Deployments
How might the system be deployed?
Kubernetes (Locally or AWS EKS)
You will need:
- Docker v19.03+ for building containers
- Kubernetes v1.21+ for cluster orchestration and container management
- Helm v3+ for deploying to Kubernetes and managing deployments
* Service in this case means K8s Service
resource, which acts as an in-cluster DNS name.
Palisade primarily supports deployment through helm
to a K8s cluster.
This allows for containerisation, scaling and auto-recovery on service failure.
Palisade is regularly deployed to local K8s clusters for manual developer testing, and to AWS EKS for CI/CD automated testing.
In this deployment, containers for each microservice are managed by various K8s workload resources, notably Deployment
and Statefulset
.
These can then be scaled up or down as appropriate, with the optional metrics-server responsible for horizontal auto-scaling.
The Palisade services are accessed through a Traefik ingress, which is installed into the kube-system
namespace rather than with the rest of the Palisade services (the palisade
namespace in this diagram).
Each microservice is responsible for its own volume mounts, configuration, and ingress-route if any.
Redis and Kafka can be either installed into the same namespace as the Palisade services, or in a separate namespace not managed by Palisade (the shared-infra
in this diagram).
Palisade can be configured via configuration yaml files, to use different clients, and therefore work with different technologies, see Palisade Clients.
Further configuration can then point the Data and Resource Service to different data stores which can be located outside of the Palisade deployment.
JVM Processes
You will need:
Palisade also supports running as bare JVM processes outside of K8s, but of course without any of the benefits provided by K8s.
In this deployment, a separate JVM is spawned for each microservice and will run unmanaged.

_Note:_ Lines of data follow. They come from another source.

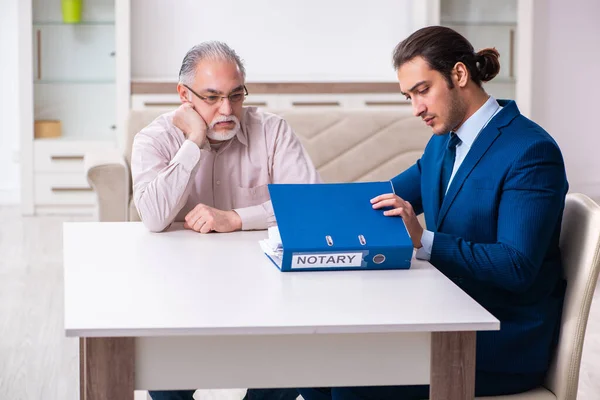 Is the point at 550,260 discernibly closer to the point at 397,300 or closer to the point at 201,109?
the point at 397,300

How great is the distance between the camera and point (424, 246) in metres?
1.79

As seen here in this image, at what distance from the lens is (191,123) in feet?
7.73

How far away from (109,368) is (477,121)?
970mm

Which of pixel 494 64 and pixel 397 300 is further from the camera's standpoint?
pixel 494 64

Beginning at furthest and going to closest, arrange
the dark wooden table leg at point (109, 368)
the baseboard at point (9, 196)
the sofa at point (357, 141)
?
the baseboard at point (9, 196)
the sofa at point (357, 141)
the dark wooden table leg at point (109, 368)

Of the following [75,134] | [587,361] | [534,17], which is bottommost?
[587,361]

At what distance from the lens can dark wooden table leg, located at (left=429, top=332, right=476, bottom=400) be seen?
4.49 feet

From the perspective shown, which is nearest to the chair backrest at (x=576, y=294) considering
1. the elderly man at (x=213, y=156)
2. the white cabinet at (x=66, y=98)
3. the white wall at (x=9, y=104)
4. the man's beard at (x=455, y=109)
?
the man's beard at (x=455, y=109)

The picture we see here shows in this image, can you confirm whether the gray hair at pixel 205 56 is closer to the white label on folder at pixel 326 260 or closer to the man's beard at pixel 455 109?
the man's beard at pixel 455 109

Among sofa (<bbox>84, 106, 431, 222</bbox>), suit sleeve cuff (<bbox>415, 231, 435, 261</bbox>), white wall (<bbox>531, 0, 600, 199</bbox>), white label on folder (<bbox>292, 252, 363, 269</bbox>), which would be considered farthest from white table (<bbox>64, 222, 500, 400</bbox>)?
white wall (<bbox>531, 0, 600, 199</bbox>)

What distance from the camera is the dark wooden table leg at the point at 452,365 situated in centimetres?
137

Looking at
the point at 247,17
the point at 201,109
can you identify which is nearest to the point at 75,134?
the point at 247,17

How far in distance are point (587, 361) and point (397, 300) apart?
6.11 feet

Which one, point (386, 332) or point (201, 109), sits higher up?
point (201, 109) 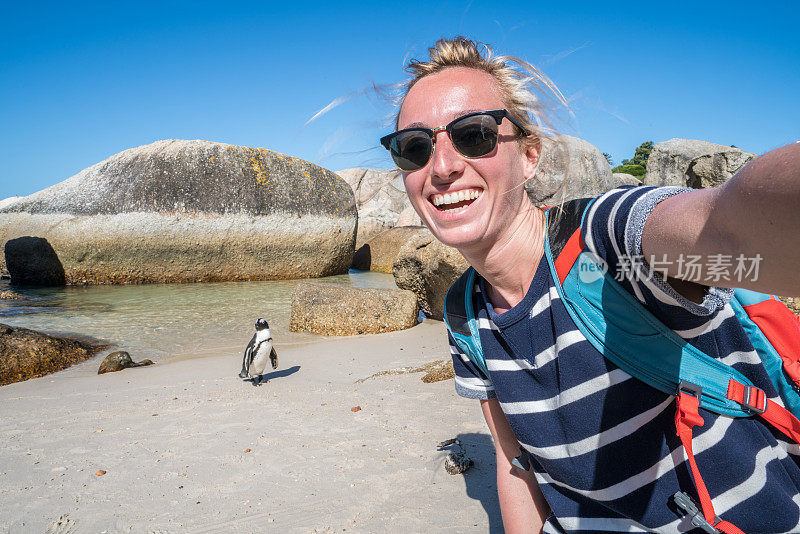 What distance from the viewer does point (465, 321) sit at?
5.45 ft

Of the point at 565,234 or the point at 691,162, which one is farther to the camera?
the point at 691,162

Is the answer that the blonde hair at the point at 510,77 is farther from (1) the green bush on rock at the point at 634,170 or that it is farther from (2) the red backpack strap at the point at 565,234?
(1) the green bush on rock at the point at 634,170

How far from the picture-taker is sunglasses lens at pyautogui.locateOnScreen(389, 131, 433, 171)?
153 centimetres

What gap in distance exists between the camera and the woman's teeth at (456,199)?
1450 millimetres

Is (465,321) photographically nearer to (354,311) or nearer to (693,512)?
(693,512)

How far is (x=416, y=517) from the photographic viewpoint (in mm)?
2197

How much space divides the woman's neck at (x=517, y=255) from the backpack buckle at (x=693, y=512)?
63cm

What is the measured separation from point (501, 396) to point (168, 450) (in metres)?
2.33

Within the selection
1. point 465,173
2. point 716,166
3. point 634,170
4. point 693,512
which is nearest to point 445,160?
point 465,173

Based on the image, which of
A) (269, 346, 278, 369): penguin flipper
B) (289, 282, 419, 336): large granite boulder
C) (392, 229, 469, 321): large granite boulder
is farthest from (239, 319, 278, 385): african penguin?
(392, 229, 469, 321): large granite boulder

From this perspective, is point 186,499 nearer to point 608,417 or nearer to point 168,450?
point 168,450

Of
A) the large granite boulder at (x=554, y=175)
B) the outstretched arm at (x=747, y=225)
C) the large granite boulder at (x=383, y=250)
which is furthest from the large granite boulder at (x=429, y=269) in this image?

This means services will not recover from crashes or critical errors.
The Palisade services are accessed through their localhost address and port. Each microservice uses the local filesystem without any additional volume mounts.
Palisade can be configured via environment variables passed to the jars, to use different clients, and therefore work with different technologies, see Palisade Clients.
Further configuration can then point the Data and Resource Service to different data stores which can be located outside of the Palisade deployment.
n.b. Redis and Kafka are still required in some form, whether exposed in a local K8s cluster, running as local processes, or hosted externally as a SaaS.